The Reluctant Gaijin in Japan: TV and Sport

2 Conversations

Two sumo wrestling

So here I am. Owing to a set of circumstances largely beyond my control, I find myself living and working in Japan. I could tell you the circumstances, give reasons or excuses, but telling you isn't going to help. Let's face it, life – and other four letter words – happen.

Part Eight TV and Sport

Now that I've been here a while, I have developed a two-step policy for dealing with aspects of Japanese life: step one – learn something about it, step two – find ways to avoid it. Such methods are a little flawed, though.

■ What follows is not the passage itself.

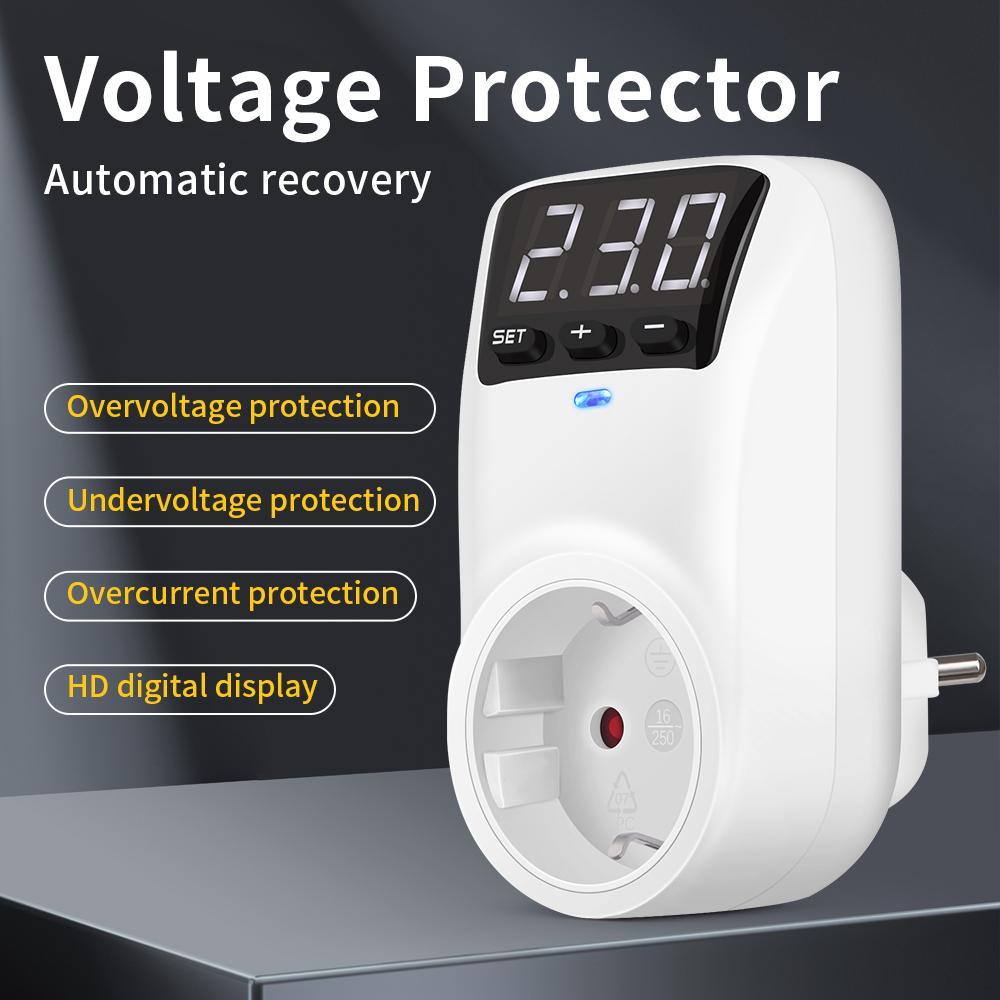 16A 230V Automatic Voltage Protector Switch Adjustable Power Surge Protection EU Socket Type Volt Safe For Home Appliances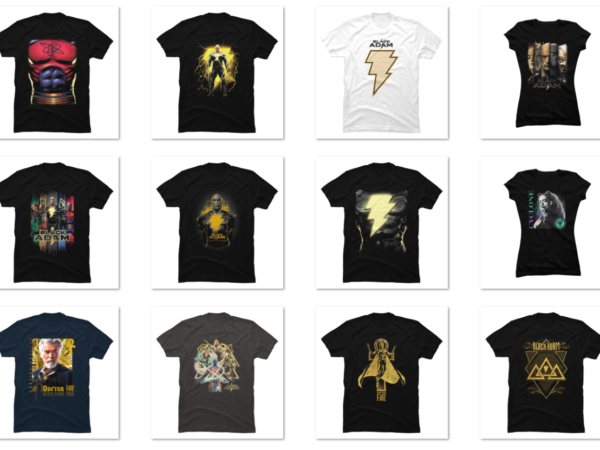 13 black adam png t-shirt designs bundle for commercial use part 1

Moving from a box apartment to a unique old place with no adjoining neighbours was one example. I feel less like a battery hen and can play my music a little louder, but just because no-one's walking on my ceiling any more doesn't mean there isn't noise. At 8.00am some truck advertising (or collecting, or preaching, I really couldn't tell you) winds up its loudhailer. It's not the fascists, they play nationalistic music – we could hear them at the last place. Speaker trucks seem to be a common way of getting your message across in Japan. At election time there are fleets of them shouting their politics around town. There are also fire warnings, delivered with the ringing of a bell. I'm not sure how many people change the plan they had made to burn down their house, but judging by the TV news, the message isn't getting through.

We also had a problem with a noisy dog at all hours. This can happen in Britain of course, but you can complain about it, especially if it's late at night. Generally, people in Britain love their dog like a member of the family and will take it indoors to stop its complaining of abandonment. Here, a dog is an add-on and leaving it outside is normal, even if the animal is distressed. Never mind the noise, we told animal welfare, we think it might die in the winter cold. Their response can be summarised as "So?" Thus, it came to pass that the animal froze to death and my girlfriend got extended verbal abuse from the owner for... trying to save her pet. Ho hum.

When left undisturbed inside the apartment, I can enjoy Japanese television. Ha! The language barrier cannot hide the fact that most of the main channels appear to have a schedule akin to the worst of ITV2. Anything that might amount to actual informative content has to be celebrity packaged in order to persuade Japanese people they should watch. Endless studio-based programmes have inset faces of celebrities to capture their immediate reaction to anything from domestic politics to funny video footage of a cat. So, I shield myself from it by setting my TV to default to a cable channel carrying American movies and dramas (and even British sitcoms, which is absurd, because the wordplay of Lee Mack can't possibly translate).

Then there's sport. The number one sport in Japan is... rounders! Yes, the kids' game British boys give up to advance to cricket is king here. Baseball makes the news all year round but, like football, the Japanese leagues are no match for the bigger ones overseas. Football is a distant probable second to baseball, although sumo wrestling fans may dispute that. I've tried to watch sumo, I've tried to understand that it's very traditional and Japanese, but it just doesn't make two fat men shoving more interesting (although the weight loss surgery efforts of a retired sumo wrestler made gruesomely fascinating viewing). After that it gets worse... league volleyball, girl's university basketball live on multiple channels... so I shield myself against it and take refuge in cable channels showing English Premiership football and Six Nations rugby.

As for Japanese music – well there's a reason why it doesn't travel well. I'll be generous and say that enka is traditional music and therefore not designed to be tolerable to those not indoctrinated in it, but it's tough to find an excuse for their pop music. I have a habit of hoovering up local CDs wherever I go, from Belgium to Brazil, but my search for palatable Japanese music has thus far been fruitless. The frequent habit of trying to be cool by putting a couple of lines of English in an otherwise Japanese song is just embarrassing and doesn't change the problem with the raw material. Once again, avoidance is the best policy. Proper English language pop and rock is readily available here, at least from the bigger artists or in the bigger cities, and I have actually found something that's better in Japan – a chain of second hand stores that sell CDs, DVDs and books at bargain prices to fill my empty shelves.

So I survive. I learn a little and then defend myself from what I don't understand or don't like. I build up my immunity. From someone who had to be metaphorically dragged onto the plane, that's not so bad. Did you think I was going to go native?